**Work instructions**
Start the copy at the line containing "Pantanal Ranch Meia" and run it through the last line of the records. Repeat each line exactly; omit pictures.

**Image-caption web data**
_ _ _ _

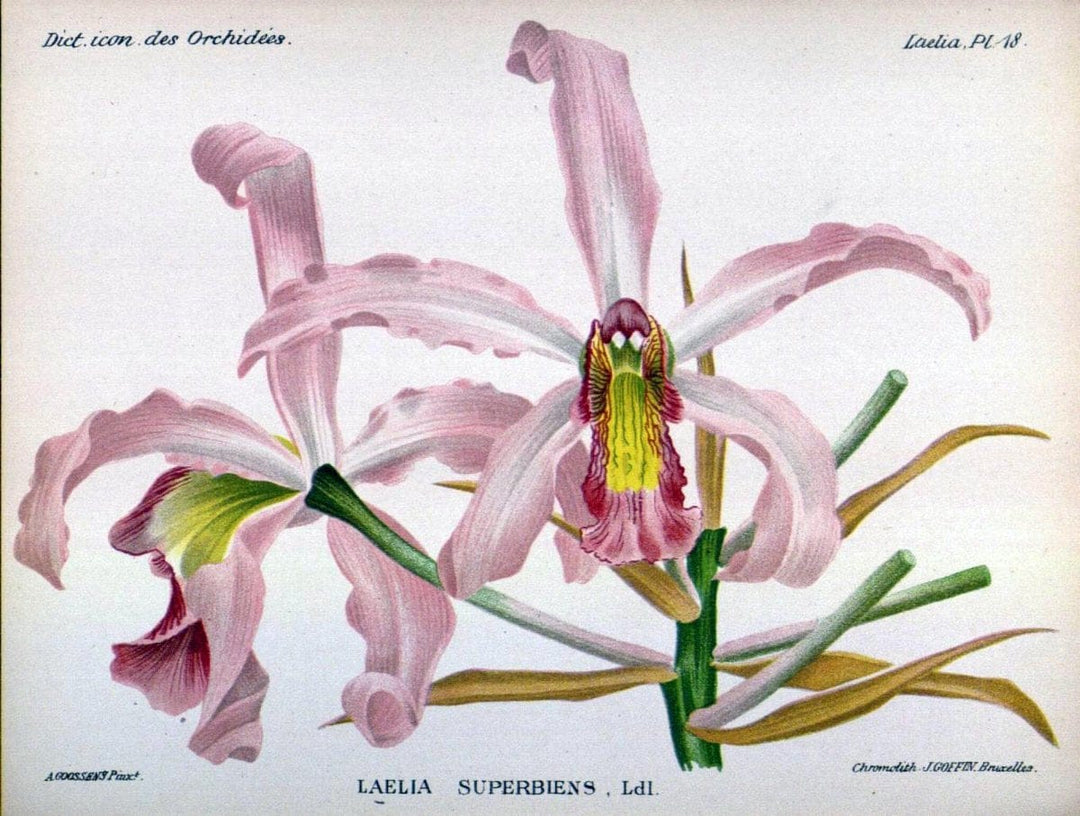 Dictionnaire iconographique des orchidees :.Bruxelles :Imp. F. Havermans, 1896-1907.  | Botany Orchidaceae "Pictorial works"  | Vintage Print Reproduction 469542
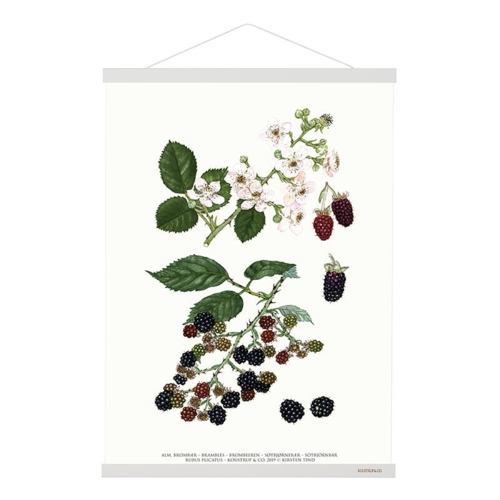 MAGNET RAIL B1 - White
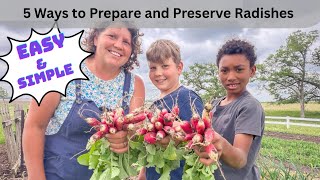 Harvesting Early Spring Radishes; Fermentation recipe, How to Prepare and Preserve Radishes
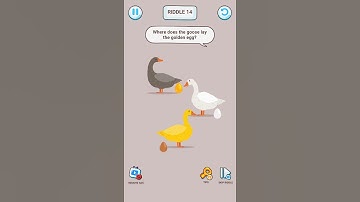 Brain Riddle: Tricky Puzzles Gameplay Walkthrough (Android & iOS) #shorts #FIESTATheLoser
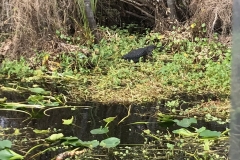 De Leon Springs State Park Boat Tour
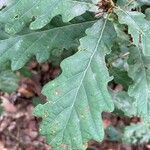Quercus petraea पत्ता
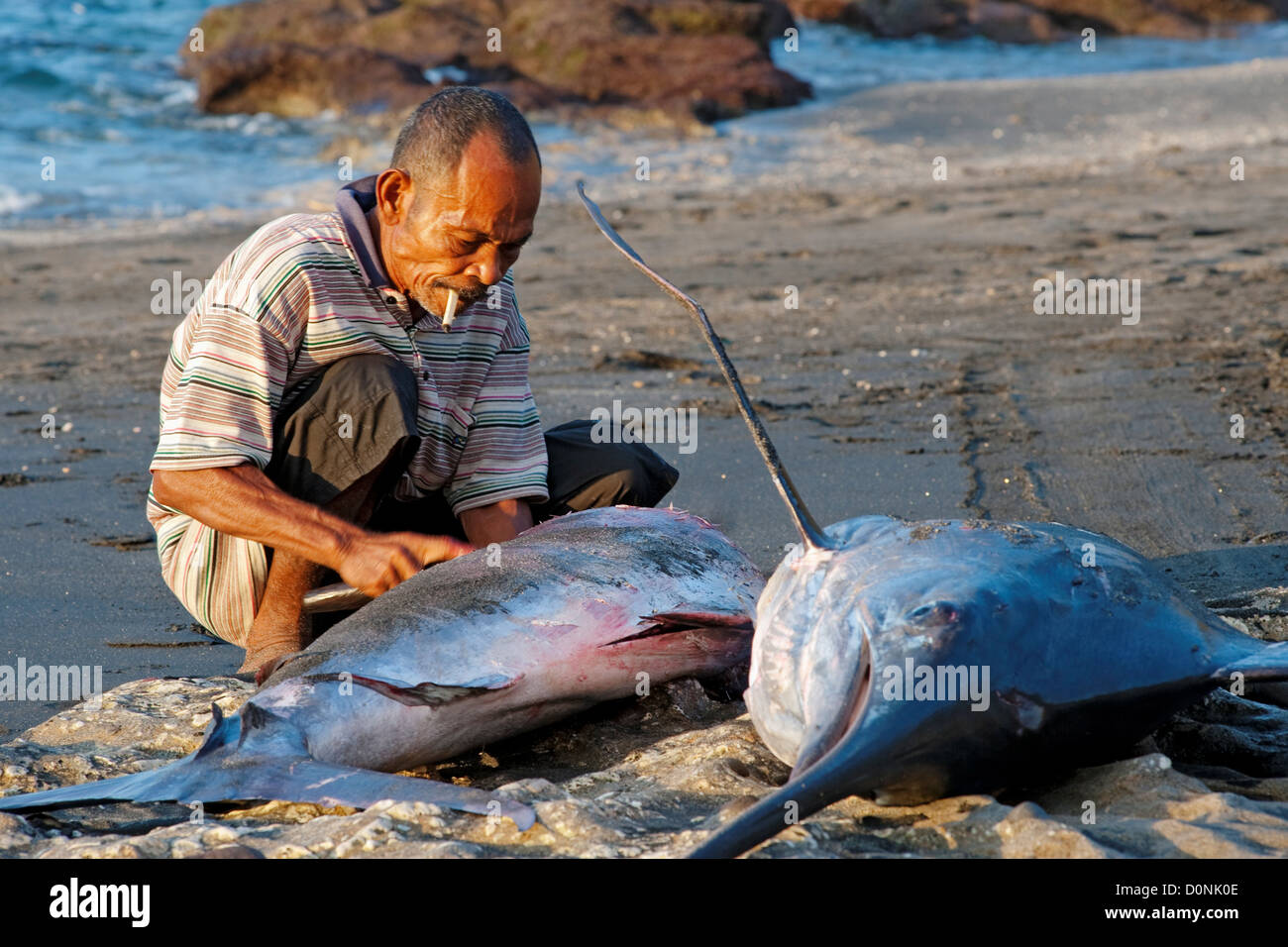 A man butchering a dead marlin on the beach caught the previous night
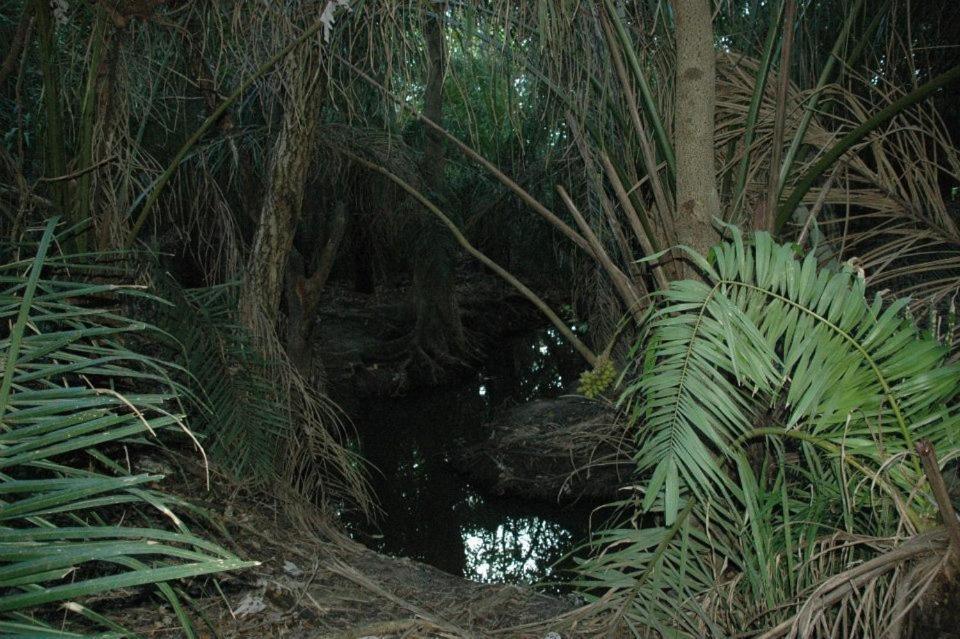 Pantanal Ranch Meia Lua Acomodação com café da manhã Miranda Exterior foto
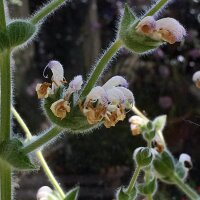 Zilverbladige salie Artemis (Salvia argentea)
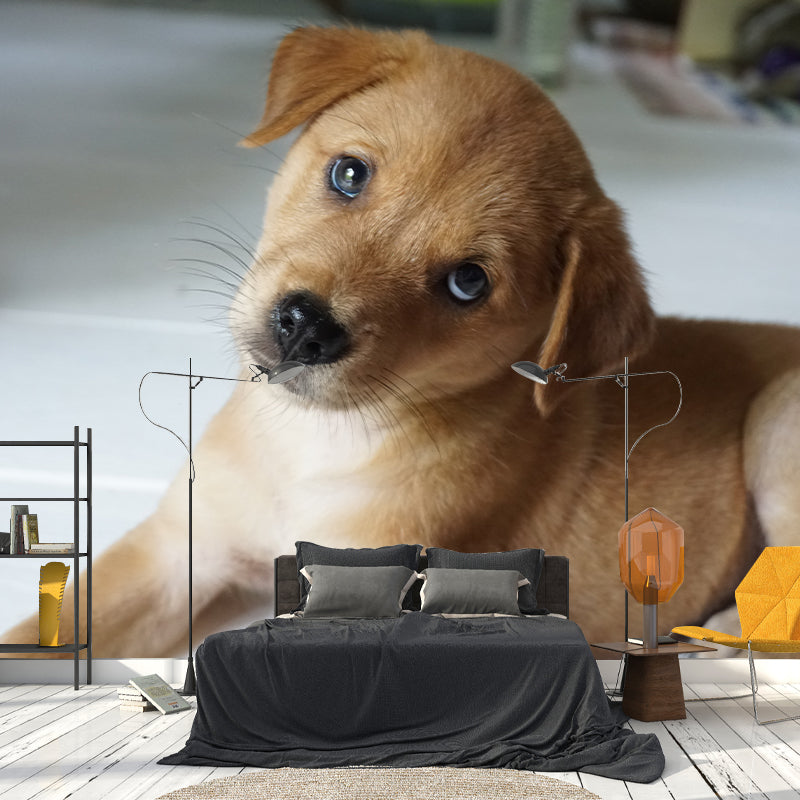 Lovely Dog Wall Mural Removable Wall Covering for Sleeping Room,Water Resistant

_ _ _ _

**Answer box**
 Pantanal Ranch Meia Lua Acomodação com café da manhã Miranda Exterior foto
 Zilverbladige salie Artemis (Salvia argentea)
 Lovely Dog Wall Mural Removable Wall Covering for Sleeping Room,Water Resistant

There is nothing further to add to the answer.